The closing song is “Thy Kingdom Come,” another song I wrote in the early 1980s that was on my first LP, You Alone, and was subsequently in Assemblybook, Glory and Praise Comprehensive Edition, and Gather Comprehensive. It’s less ubiquitous now, but we did record it again with some of the arranging improvements we’d made on it in the ensuing decade when we made Change Our Hearts in 1994. I remember just getting the idea for the song, thinking about the phrase “thy kingdom come” as sort of an encapsulation of the Gospel, both of the prayer of Jesus and his message, “the empire of God is at hand.” So I reached back to the beginning, and I think that first verse just came to me all at once, and I still like it:

O you who taught the mud to dream

O Lord, thy kingdom come.

And made the world with life to teem,

O Lord, thy kingdom come.

Did spin like tops the stars in space

O Lord, thy kingdom come.

And guide their paths with an ageless grace.

O Lord, thy kingdom come.


Now, I suspect that the idea of the melody of those verses bears at least a passing resemblance to the contour and feel of a Stephen Foster song called “Some Folks” and/or the first few notes of “I Got Plenty o’ Nothin’”, but if one is going to steal, one might as well steal from the best. I don’t think there’s any My Sweet Lord/He’s So Fine controversy in the similarity. It’s more a shading than identity, that’s for sure. Other verses refer to Isaiah 55, the Arthurian legend, and God knows what else. I think I might have been more daring with lyrics when I knew less. But who isn’t? You’re more likely to pet the nice big kitty until someone tells you it’s a mountain lion.

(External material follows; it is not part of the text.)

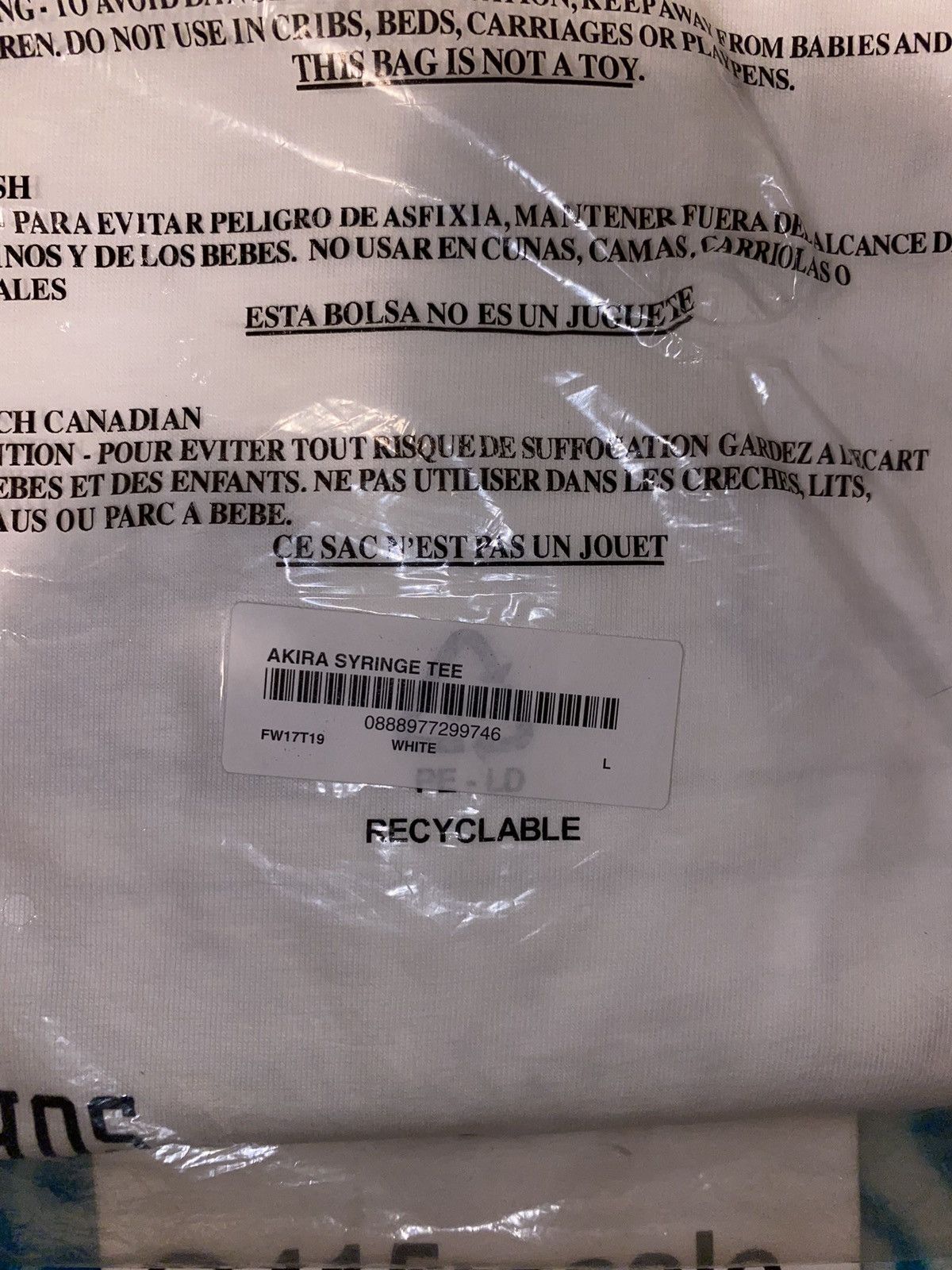 Supreme Supreme AKIRA Syringe Tee Size US L / EU 52-54 / 3 - 8 Thumbnail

Why “ground zero” on this page? Well, who knows what’s coming, and where it’s coming from? That’s part of what these days are all about, or do we think Jesus is speaking about someone else when he issues his warning:
While some people were speaking about

how the temple was adorned with costly stones and votive offerings,

Jesus said, "All that you see here--
the days will come when there will not be left

a stone upon another stone that will not be thrown down."

But he also tells us not to go running off here (behind our border fences) or there (off to a war of shock and awe) because someone is out there hollering about “evildoers” and using the name of Christ to justify the violence. Just, “do not be terrified.” Death, as Christ has shown us, is not the final word, and the forces of life are already present within the world, ready to rise like the sun of justice with healing light. If not even that (desert) storm can shake our inmost calm, how can we keep from singing?